It may be hard for the young to believe, but there was a time in the not-too-distant past when America wasn't as divided as it is today. Or, to put it more accurately, when the divisions mattered less.
A time when, though some of us were liberals and some conservatives, some country dwellers and some urbanites, Americans were less quick to demonize those who disagreed with them. When Americans didn't feel threatened by each other.
Many Americans feel threatened today. As Ross Douthat put it in a New York Times column, "In a culture this diverse and divided we trust our fellow citizens less, we share less with them, and we fear that any political defeat will leave our communities at their mercy, that if we lose power we will be routed and destroyed (http://tiny.cc/…)."
The last half of that sentence is the key. What's new is the fear that to lose at the polls is to lose everything. For the other side to win an election is not just disappointing. It's threatening.
Extreme fears of this sort, Douthat writes, undermine democratic life, which "requires accepting that your own faction may be out of power roughly half the time."

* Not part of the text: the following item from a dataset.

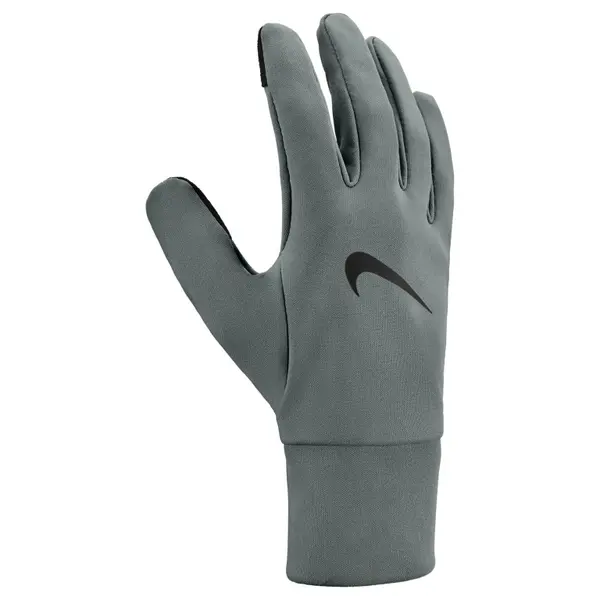 Gants polaire Nike Therma-Fit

Douthat describes himself as "a conservative Catholic who works in a liberal milieu." He worries that a militantly secular society threatens religious liberty. But perhaps because he works with people who don't think as he does, he understands that it isn't just his faction that feels threatened.
Douthat understands, too, that "because we are so distant from our rivals, we cannot recognize that they share the same fears about what will happen if power is in our hands -- or else we dismiss those fears as the pleadings of a wicked claque whose destruction is entirely merited."
So, after the Supreme Court decision legalizing same-sex marriage, Douthat writes, many liberals dismissed as "alarmism" Christian dissidents' fears that "conservative believers would be prodded out of various occupations, while their schools and hospitals and charities would be fined and taxed and regulated and de-accredited to death." And when those attacks did arrive (think the lawsuit against the Colorado baker who refused to make a wedding cake for a gay couple), "they obviously deserved it."
Then, when a Republican president came to power, Douthat continues, "the roles reversed and suddenly it was a certain kind of right-winger who couldn't understand why blacks and Hispanics and Muslims might feel threatened by the new president, why Trump's rhetoric might make them fear for their very safety, why causes conservatives regarded as procedurally neutral exercises in enforcing laws -- illegal-immigrant roundups, strict voter ID laws -- were experienced as white-identitarian aggression."
As Douthat observes, "This kind of cycle of incomprehension and aggression tends to destroy republics if it isn't broken, if leaders can't compromise ideological principles to maintain civic peace, if partisans can't imagine how the world looks in communities vastly different from their own."
It would help, Douthat thinks, to have a president who reassured those feeling threatened" in a way that Obama failed to do and Trump is incapable of even attempting." Douthat wants Anthony Kennedy, the swing justice on the Supreme Court, to assume the role. It was Justice Kennedy's vote that decided the same-sex marriage case, and Douthat hopes he will balance that vote with a decisive vote in favor of the baker in the wedding-cake case.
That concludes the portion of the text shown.